His latest book, Conservative Victory: Defeating Obama’s Radical Agenda, is as thorough a deconstruction of the new president’s first year in office as you’re likely to find.
Few talkers are as well qualified as Hannity to beat back the arguments of our big government president.
It’s been six years since Hannity’s face last graced a book cover, but he spills the most ink documenting 2009 — President Barack Obama’s first year in office. Political junkies won’t find many revelations here, but simply compiling evidence of Obama’s weaknesses in economic policy, defense, and international relations is captivating all the same.
And more than a tad frightening.
The first two-thirds of Conservative Victory describe Obama’s blunders in near-numbing detail.
The opening chapter, “Obama’s History of Radicalism,” is the kind of connect-the-dots reportage the media no longer feels compelled to crank out. It’s one thing to accuse the president of being a radical, a socialist, or any other potentially demeaning descriptive. But Hannity details not only the Rev. Jeremiah Wright’s ties to Obama but those of his innermost circle.
Doing the work that the legacy media used to do, Hannity was one of the first to document Obama’s connection to Rev.

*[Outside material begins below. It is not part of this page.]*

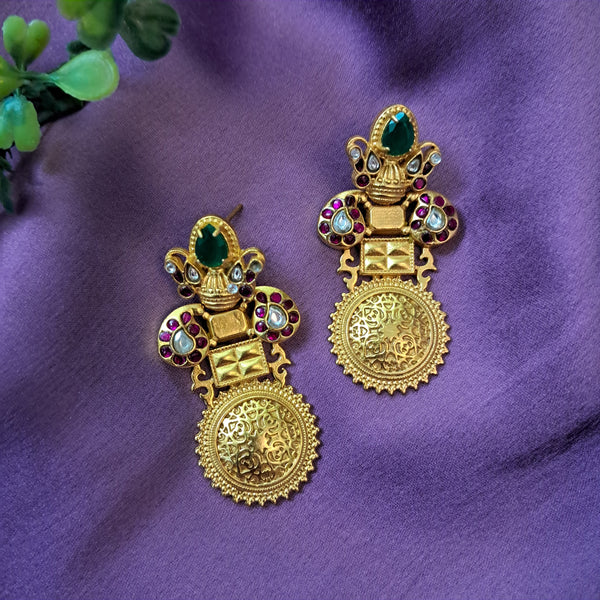 Ekani Shayna 1 Gram Gold Polish Kundan Stone Earrings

Wright, interviewing Wright for Hannity & Colmes on March 1, 2007, less than a month after Obama first announced his candidacy.
Suffice to say in his new book, Hannity’s aghast at what he finds — and what the media either ignores or covers up: it’s Wright himself who built the foundation for the president’s future actions, according to Hannity.

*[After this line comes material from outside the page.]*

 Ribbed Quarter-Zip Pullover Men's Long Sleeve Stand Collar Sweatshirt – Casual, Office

“This much was clear: the blueprint for Obama’s socialist agenda … could be found in the writings of his radical spiritual mentor,” he notes. We’re reminded of Wright’s greatest “hits” here, like the infamous “God [blank] America” line, but also of the black liberation theology that was the heart and soul of the reverend’s philosophy.

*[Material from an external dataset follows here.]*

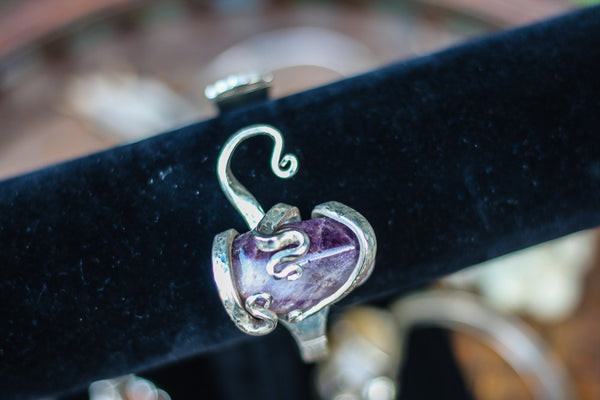 Sterling Silver + Natural Stone Fork Bracelet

Not every attempt at painting Obama’s advisors as radical works as intended. The dirt dug up on David Axelrod, for example, is hardly damning. Neither is the information presented on Health and Human Services Secretary Kathleen Sebelius, although pro-life readers will recoil at her abortion stance.
Hannity, true to his gentlemanly demeanor, isn’t name calling — without reason. Yes, he trots out the “S” word — socialist — but then backs it up with Obama’s words and actions.
“I would look at raising the capital gains tax for purposes of fairness,” Obama once said, not to mention his infamous statement to Joe the Plumber regarding spreading the wealth.
Now, the Obama administration hasn’t transformed the U.S. government into a textbook socialist nation, but it’s not hard to see the similarities between Obama’s vision and the socialist utopia people like Venezuelan President Hugo Chavez espouse.
Heck, Fidel Castro himself recently applauded ObamaCare. It’s just the kind of endorsement that leaves Hannity shaking his head in sadness.
Hannity’s prose is direct, conversational, and to the point. He’s doesn’t bother spinning arcane metaphors to belabor a concept, nor does he talk down to the reader. It’s a more refined version of his talk show monologues, and it goes down smoothly.
But what’s lacking is the sense of surprise, the feeling the author is about to uncork an opinion or fact that will shed new light on the subject. Hannity fans will know where each paragraph will lead, and even when the author lines up his facts in a cool, concise fashion the predictability wears thin.
That criticism falls aside when he offers up a full-throated defense of capitalism. Hannity’s passions are palpable as he deftly mixes speeches from President Ronald Reagan to a one-sided debate between Phil Donahue and economist Milton Friedman.
Reagan’s speeches are particularly timeless, and Hannity stitches them into the book in a way that makes them sound as if they were given last week, not decades ago.
Conservative Victory rarely slips into the extreme side of the political debate, but it goes too far when saying Obama’s policies will “leave our children and grandchildren in poverty and slavery.”
Hannity’s latest book wraps by updating his “Items for Victory,” a shopping list of core conservative principles which he thinks can lead the GOP to victory and prosperity in 2010 — and beyond.
He swears it’s not Contract with America Part II, but he wouldn’t mind seeing legislators adopt most of his items in their campaigns. And the same can likely be said of Hannity’s fan base, sure to gobble up every passage in the new book — and each item on the list.